Dalam al-Qur’ān maupun hadis, banyak ditemukan literatur yang memerintahkan seorang muslim untuk bekerja dalam rangka memenuhi dan melengkapi kebutuhan duniawi. Salah satu perintah Allah kepada umat-Nya untuk bekerja termaktub dalam Q.S. at-Taubah/9:105 berikut ini:

Artinya: “Dan katakanlah, “Bekerjalah kamu, maka Allah akan melihat pekerjaanmu, begitu juga rasul-Nya dan orang-orang mukmin, dan kamu akan dikembalikan kepada (Allah) yang maha mengetahui yang gaib dan yang nyata, lalu diberitakan-Nya kepada kamu apa yang telah kamu kerjakan.” (Q.S. at-Taubah/9: 105)

Q.S. at-Taubah/9: 105 menjelaskan, bahwa Allah Swt. memerintahkan kepada kita untuk semangat dalam melakukan amal saleh sebanyak-banyaknya.

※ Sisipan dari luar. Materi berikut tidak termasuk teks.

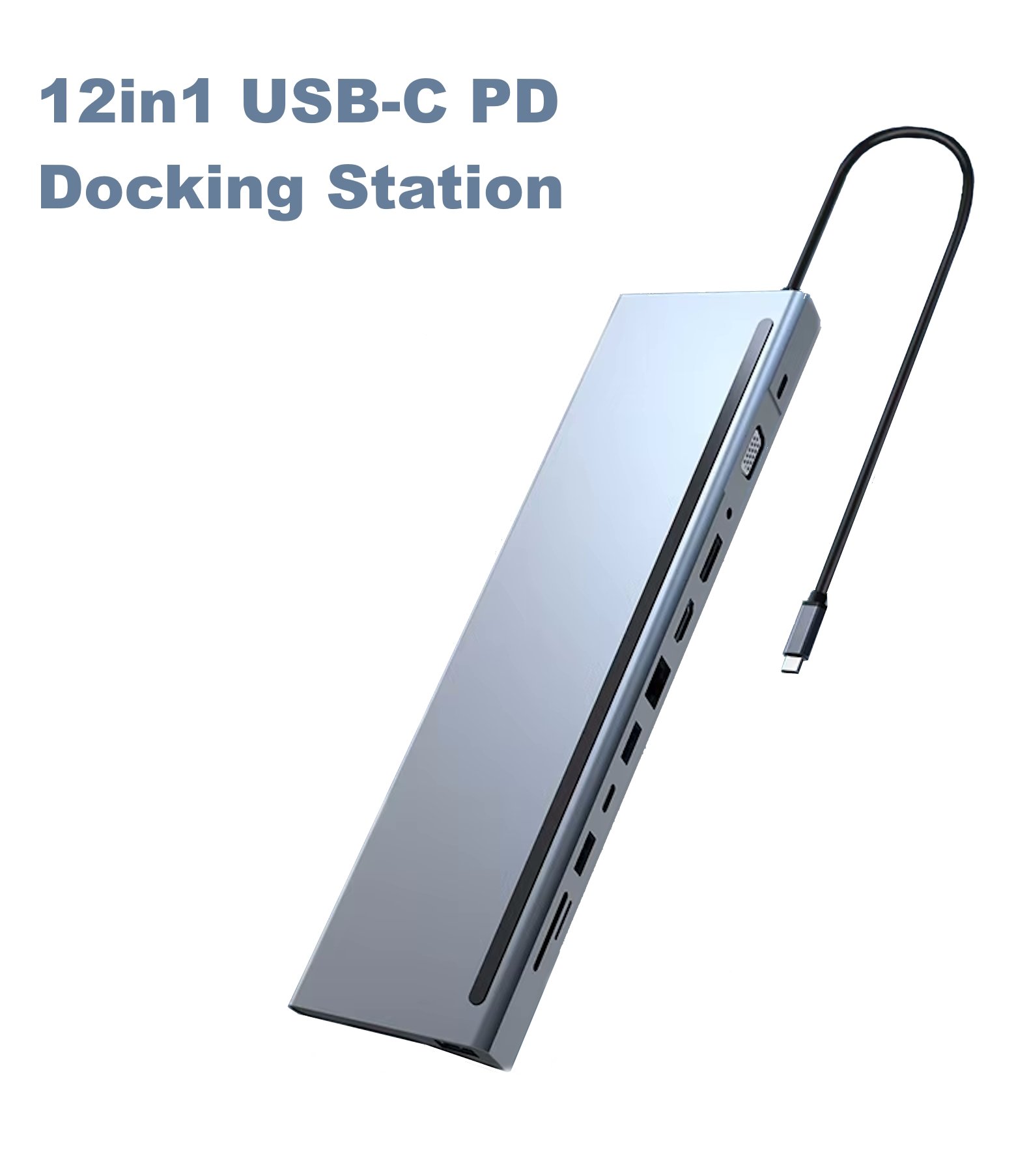 RoGer MST dokstacija 12in1 PD Klēpjdatora dokstacija USB-C uz HDMI / DisplayPort / VGA / USB-C PD / 3x USB / Audio / LAN / SD/TF dock stacijas HDD adapteri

Allah Swt. akan melihat dan menilai amal-amal tersebut. Pada akhirnya, seluruh manusia akan dikembalikan kepada Allah Swt. dengan membawa amal perbuatannya masing-masing. Mereka yang berbuat baik akan diberi pahala atas perbuatannya itu. Mereka yang berbuat jahat akan diberi siksaan atas perbuatan yang telah mereka lakukan selama hidup di dunia.

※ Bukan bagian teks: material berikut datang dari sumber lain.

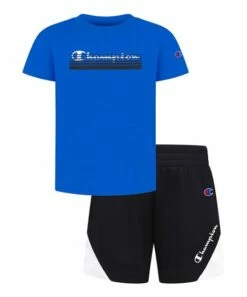 Top 10 🔔 Champion Bozetto Blue Sunrise Script Short-Sleeve Tee & Black Shorts - Toddler & Boys ✨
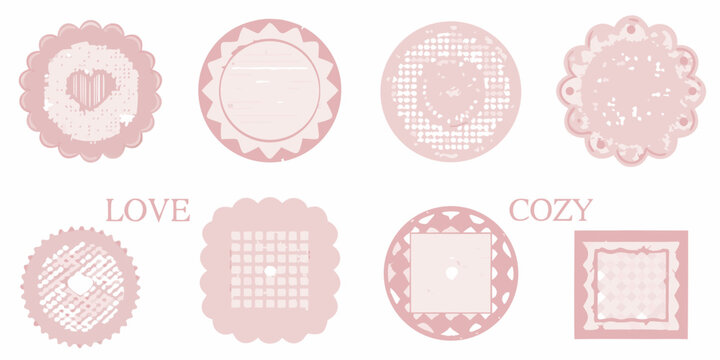 Set of pink lace doily style vector illustrations on white background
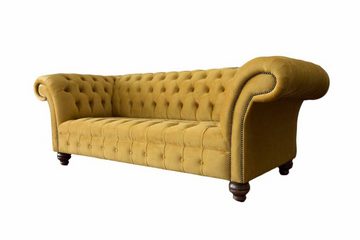 JVmoebel Chesterfield-Sofa, Sofa Dreisitzer Wohnzimmer Chesterfield Klassisch Design Gelb Couch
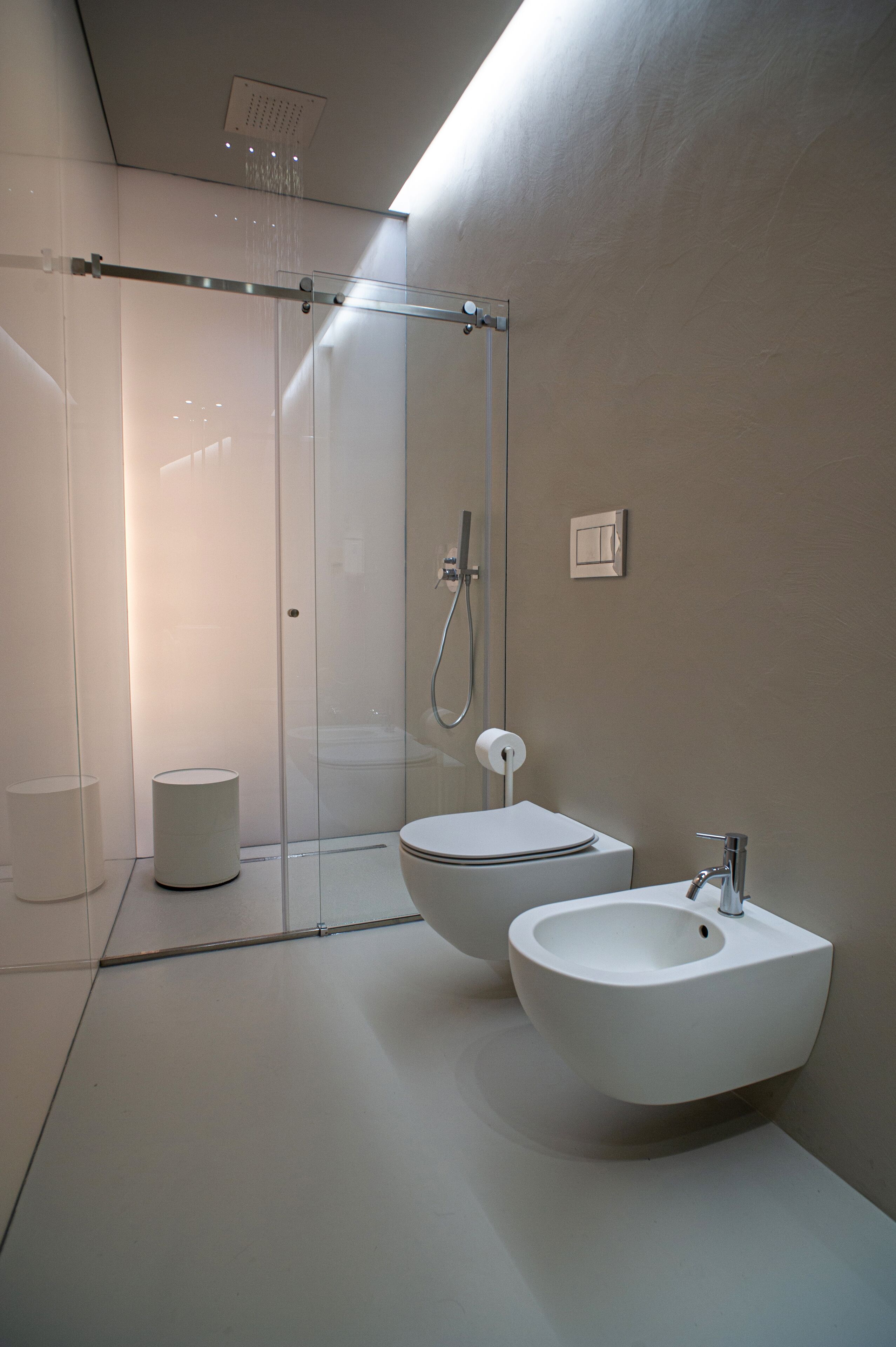 A modern bathroom with a glass shower enclosure, a bidet, and a sink.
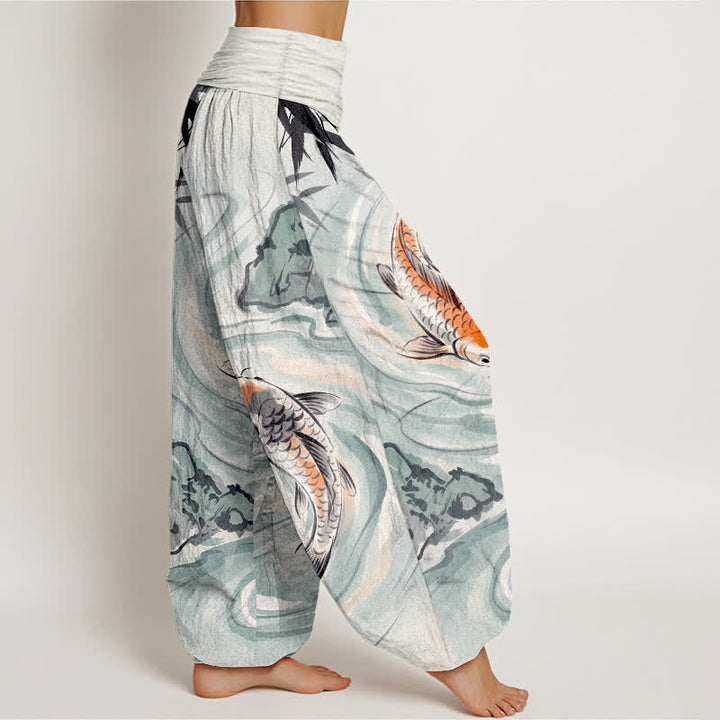 Buddha Stones Cotton Koi Fish Rock Wave Pattern Women's Elastic Waist Harem Pants - image 9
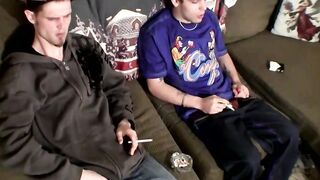 Horny buds Drac and Nolan work their horny big cock while puffing their cig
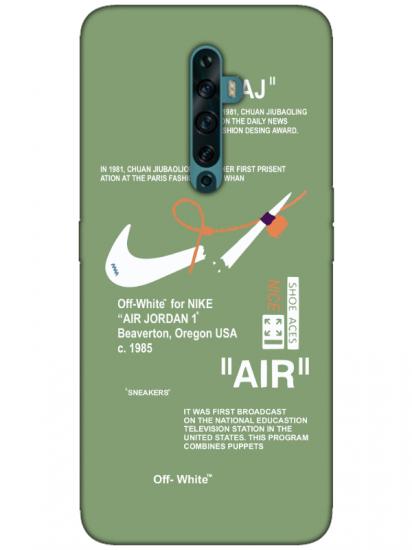 Oppo Reno2 Z Nike Air Yeşil Telefon Kılıfı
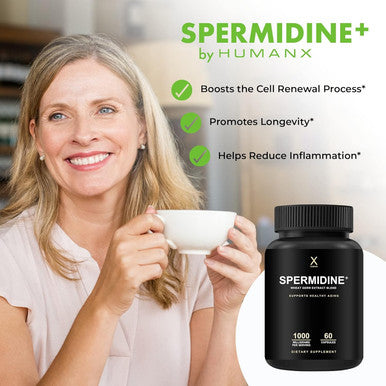 Humanx Spermidine+ (Usa Third Party Tested) - Spermidine-Rich Wheat Germ Extract & Zinc To Activate Cellular Renewal - Non-Gmo, Spermidine Capsules - Supports Healthy Aging - Spermidine Supplement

Sebutan lain dari ganjaran adalah imbalan atau upah atau compensation. Imbalan dalam konsep Islam menekankan pada dua aspek, yaitu dunia dan akhirat. Namun, penekanan kepada akhirat itu lebih penting daripada penekanan kepada dunia (dalam hal ini materi).

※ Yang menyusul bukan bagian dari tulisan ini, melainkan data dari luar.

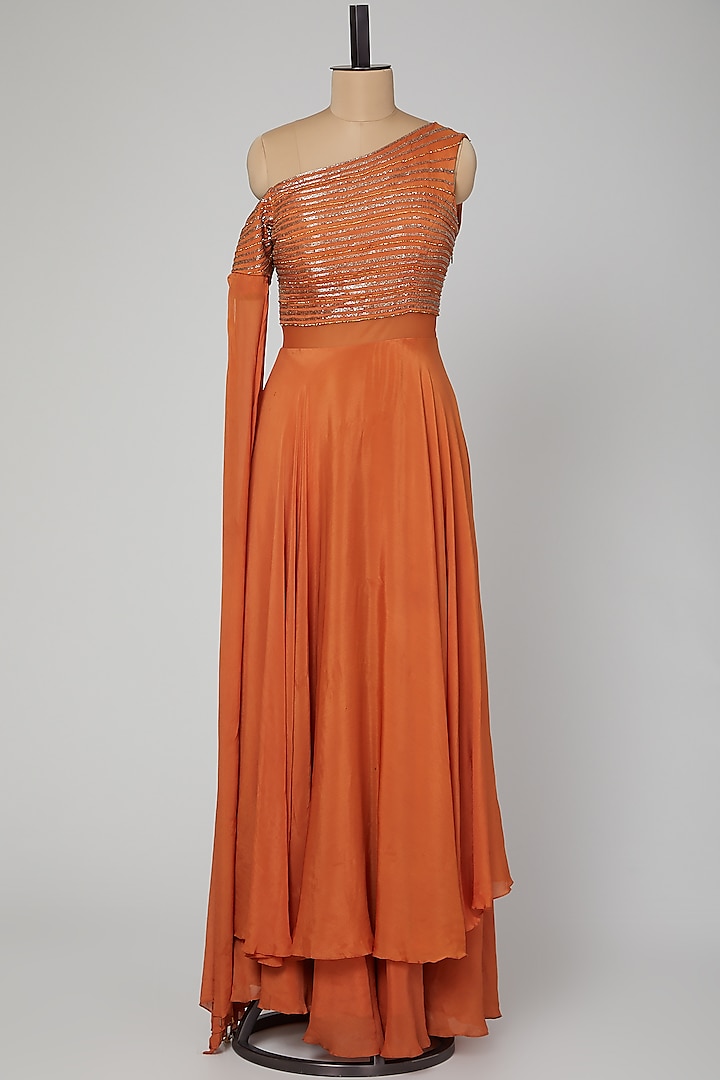 Rust Orange Embroidered & Layered Gown by Kakandora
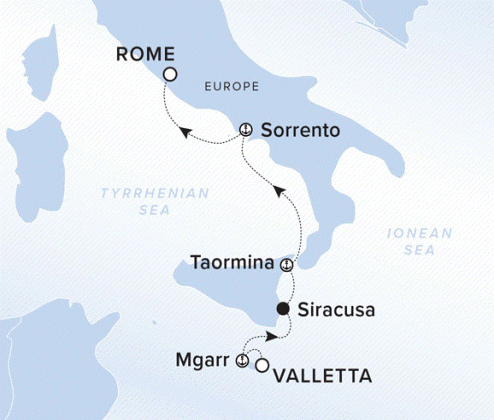The Ritz-Carlton Evrima A map showing a line of the voyage route from Valletta to Mgarr, Siracusa, Taormina, Sorrento and Rome.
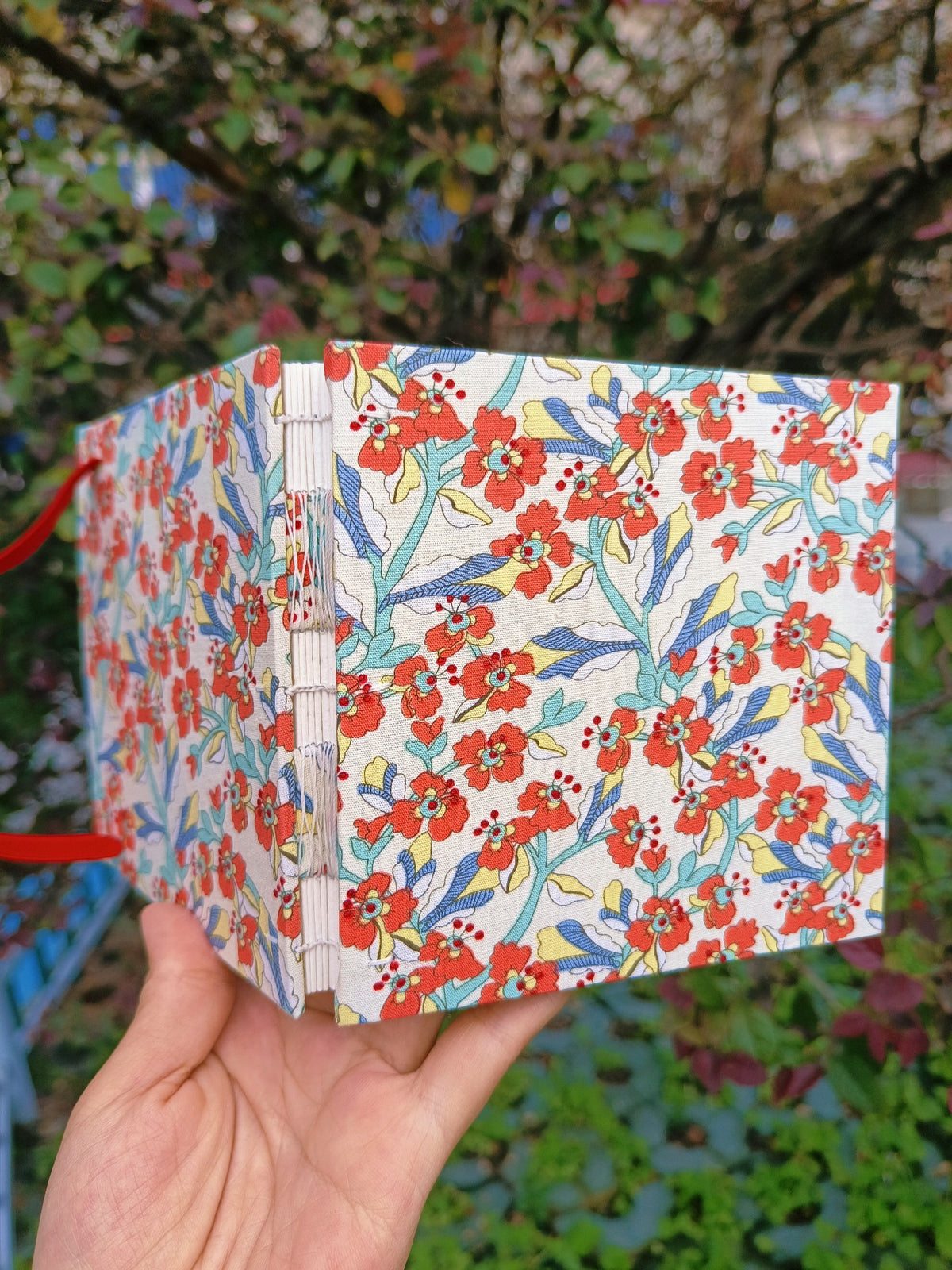 Handmade Watercolor Sketchbook Cotton Floral Cover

Ayat di atas juga menjelaskan bahwa Allah Swt. memerintahkan kita untuk bekerja, dan Allah Swt. pasti membalas semua yang telah kita kerjakan. Hal yang perlu diperhatikan dalam ayat ini adalah penegasan Allah  Swt. bahwa motivasi atau niat bekerja itu mestilah benar.

Umat Islam dianjurkan agar tidak hanya merasa cukup dengan melakukan “tobat” saja, tetapi harus dibarengi dengan usaha-usaha untuk melakukan perbuatan terpuji yang lainnya, seperti menunaikan zakat, membantu orang-orang yang membutuhkan pertolongan, menyegerakan untuk mengerjakan ṡalat, saling menasihati teman dalam hal kebenaran dan kesabaran, dan masih banyak lagi usaha-usaha lain yang sangat terpuji. Semua itu dilakukan atas dasar taat dan patuh kepada perintah Allah Swt. dan yakin bahwa Allah Swt. pasti menyaksikan itu.

Ayat ini pun berisi peringatan bahwa perbuatan mereka itu pun nantinya akan diperlihatkan pula kepada rasul dan kaum muslimin lainnya kelak di hari kiamat. Dengan demikian, akan terlihatlah kebajikan dan kejahatan yang mereka lakukan sesuai amal perbuatannya. Bahkan, di dunia ini pun sudah sering kita saksikan, bagaimana gambaran orang-orang yang berbuat jahat seperti pencuri, penipu, pemerkosa, koruptor, dan lain sebagainya.

Banyaknya berita tentang korupsi, bagaimana koruptor dipertontonkan di ruang publik. Ini menandakan bahwa di dunia pun perbuatan kita sudah bisa dipertontonkan. Apalagi kelak di akhirat yang pasti sangat nyata dan tidak bisa ditutup-tutupi.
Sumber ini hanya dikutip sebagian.